→ **Activity**:
For this exercise, retype all the data exactly and exclude every image.

→ **Stored data**:
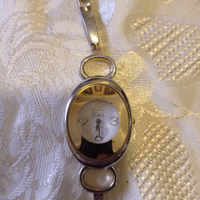 Orologio da polso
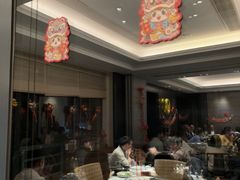 -湖滨客舍·湖北菜
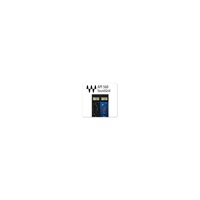 API 560(オンライン納品)(2時間以内に納品)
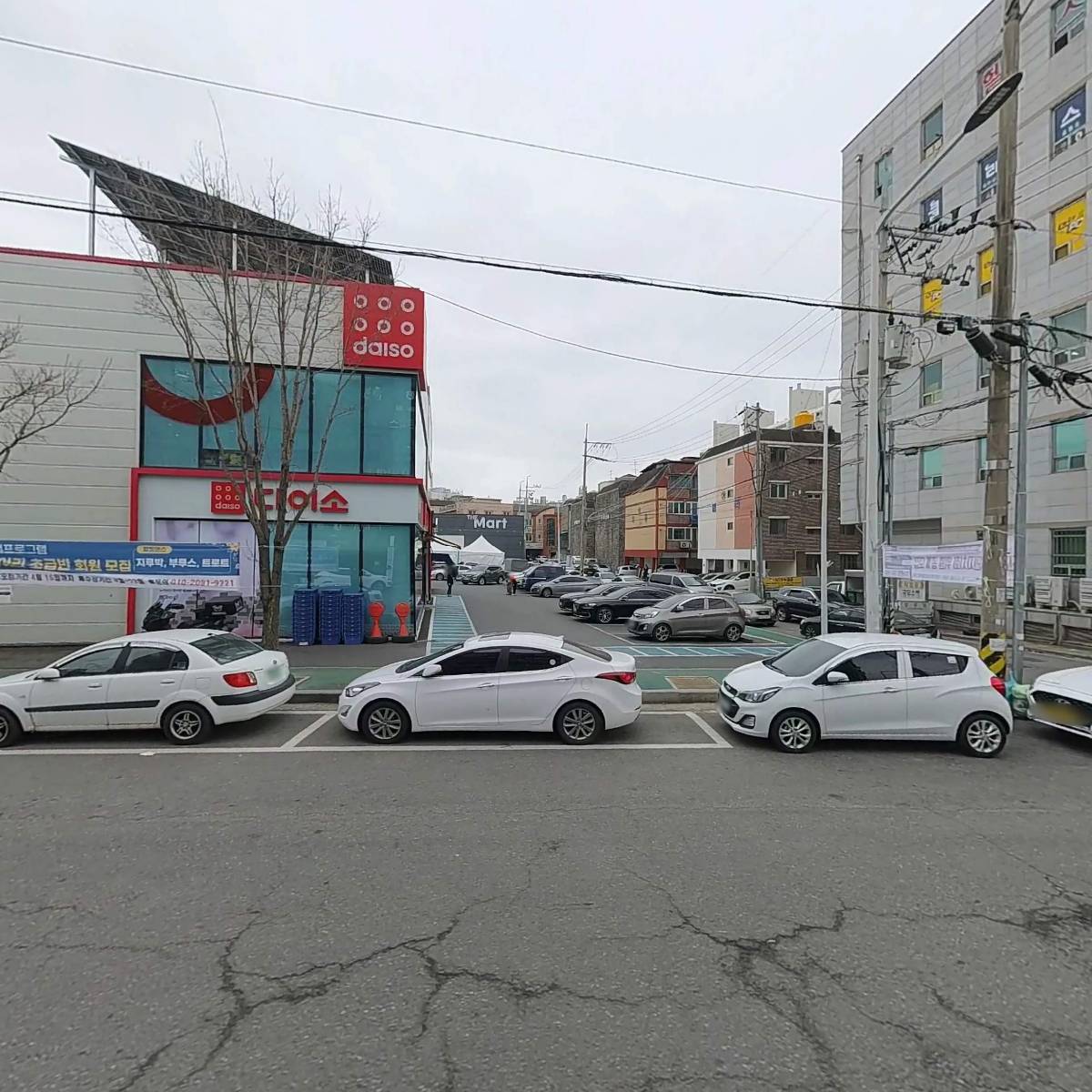 S휘트니스_3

→ **Response area**:
 Orologio da polso
 -湖滨客舍·湖北菜
 API 560(オンライン納品)(2時間以内に納品)
 S휘트니스_3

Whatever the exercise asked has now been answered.